В то же время в ней определилась для меня и резкая складка прямого практического сознания.

Однажды она меня спросила:

— Скажи, пожалуйста, к чему ты себя готовишь? Какое, собственно, место ты себе отмежевываешь в жизни?

Я ответил:

— Никакого. И определенное — мое. Я живу и хочу жить. Я живу не для места, не для чужих целей и закабалять себя ни за что не хочу.

Я напомнил ей момент, когда я отбивал ритм мотива на ее голом плече.

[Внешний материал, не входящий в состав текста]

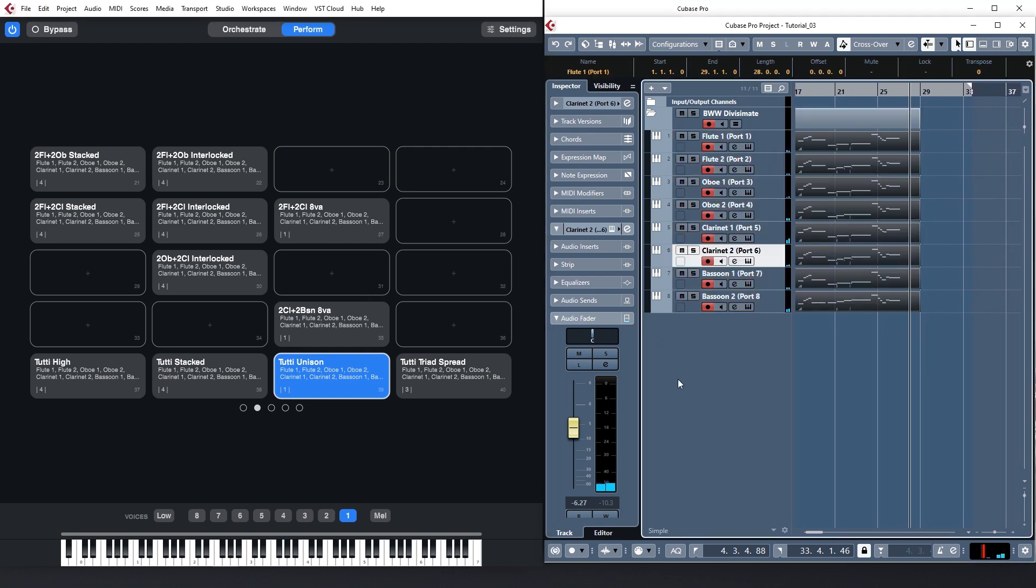This way the Perform view is not only a place to organize your presets but invaluable for quickly changing orchestrations during your performance.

— Я прислушиваюсь, живя, к жизни. Она меня вбросила сюда, как живой орган прислушивания и познавания. Мир — звучен, мир — хорал, я слушаю его. Я поглощен этим, действительно, как сумасшедший. Я хотел бы только окончательно, глубоко в этом смысле сойти с ума, упасть на самое дно этих ощущений, этого прислушивания…

Иза пожимала плечами:

— Милый, об этом хорошо почитать в книжке, об этом, может быть, хорошо и написать книжку. Но ведь этим нельзя же жить. Давай серьезно поговорим. Ведь я же заинтересована в твоей судьбе.

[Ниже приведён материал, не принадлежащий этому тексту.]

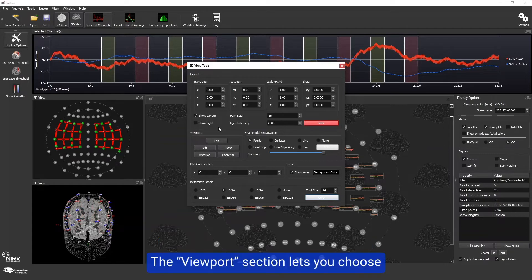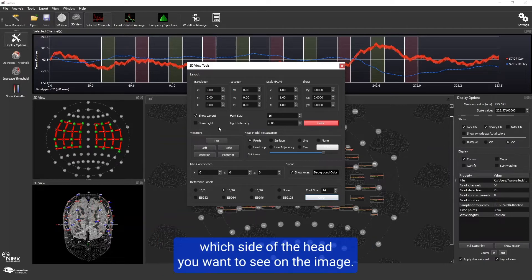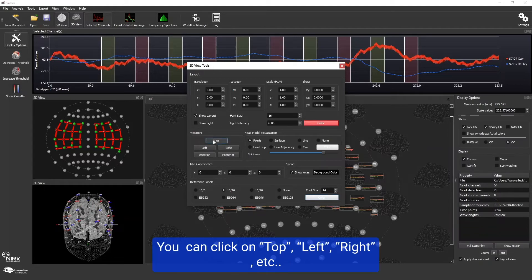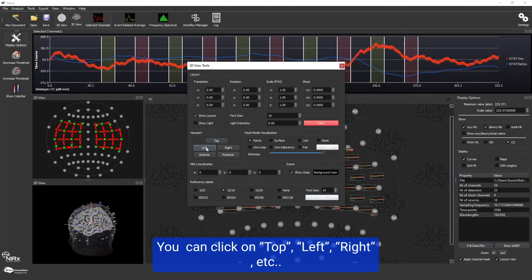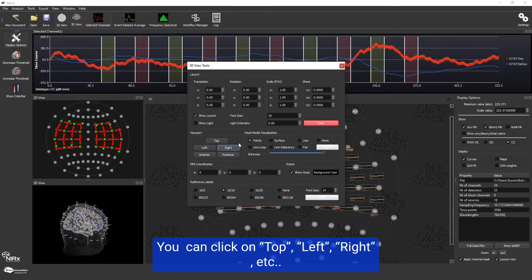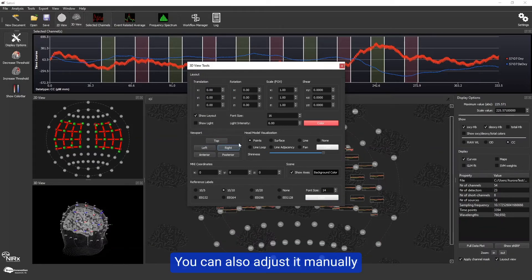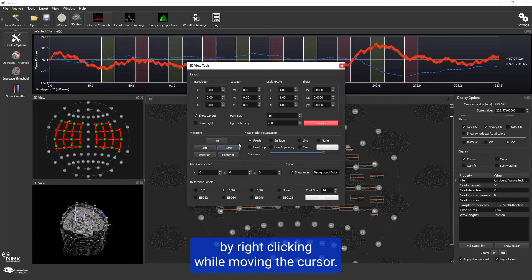The viewport section lets you choose which side of the head you want to see on the image. You can click on top, left, right, etc. You can also adjust it manually by right-clicking while moving the cursor.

И она сказала фразу, которую я никогда не мог вспомнить без злой усмешки:

— Тебя надо поставить на дорогу.

Она обняла меня своими выхоленными руками, на ней был широкий утренний капот, открывавший плечи и руки, и — все тот же острый запах ее духов.

Я отстранил ее и ответил ей с яростью:

— Ты никогда не поставишь меня на дорогу. Я буду нищим бродить по дорогам. Я буду жить, как хочу…

— В шалаше, да?.. — смеялась Иза. — Рай в шалаше?..

Она ушла от меня недоумевающая и рассерженная. Наши свиданья хотя и проходили в тайне, но скрывать их стало уже трудно. Один генерал пока ничего не знал, но прислуга уже знала все и шепталась. Каждый день могло стать известным все и старику. Однажды Иза, уходя, встретила у двери осунувшуюся бедную Марыньку. Она смотрела на барышню глазами, пылающими от страдания и ужаса, прислонилась к стволу тополя и не могла свести с Изы очей. Так и прошла она под взглядом маленькой Марыньки.

Я открыл окно, провожая Изу, и увидел Марыньку. Но едва встретился с ней глазами, как она убежала. Я отправился ее разыскивать. Мне хотелось ее успокоить. Но, завидев меня, Марынька забежала в самую гущу сада. А когда я наконец ее поймал, она опустила низко голову, как это делают маленькие хохлушки, испуганные лаской панов, и ни за что не хотела даже поднять голову и взглянуть на меня. Она только дрожала и порывалась от меня убежать.

Когда я взял ее загорелые лапки и поцеловал, слезы брызнули из ее глаз, она вырвалась и убежала.

До вечера я не видел никого. Генерал неожиданно прислал сказать, что чувствует себя нехорошо и заниматься сегодня не будет. К вечеру я услыхал какую-то тревогу. Оказалось, ищут с утра пропавшую Марыньку. Какая-то томительная пустота, ожидание, неясная тревога чувствовались во всем доме. И вдруг шум усилился, вырос, разросся в какое-то тревожное зловещее гудение, прерываемое отдельными криками. Я бросился из комнаты и столкнулся с кучкой людей, что то несших. Мне бросилось в глаза маленькое тело Марыньки и ее неподвижная загорелая пятка. Лицо ее было закрыто.

Марыньку сняли с дерева. Она была еще жива. Федор поехал за доктором.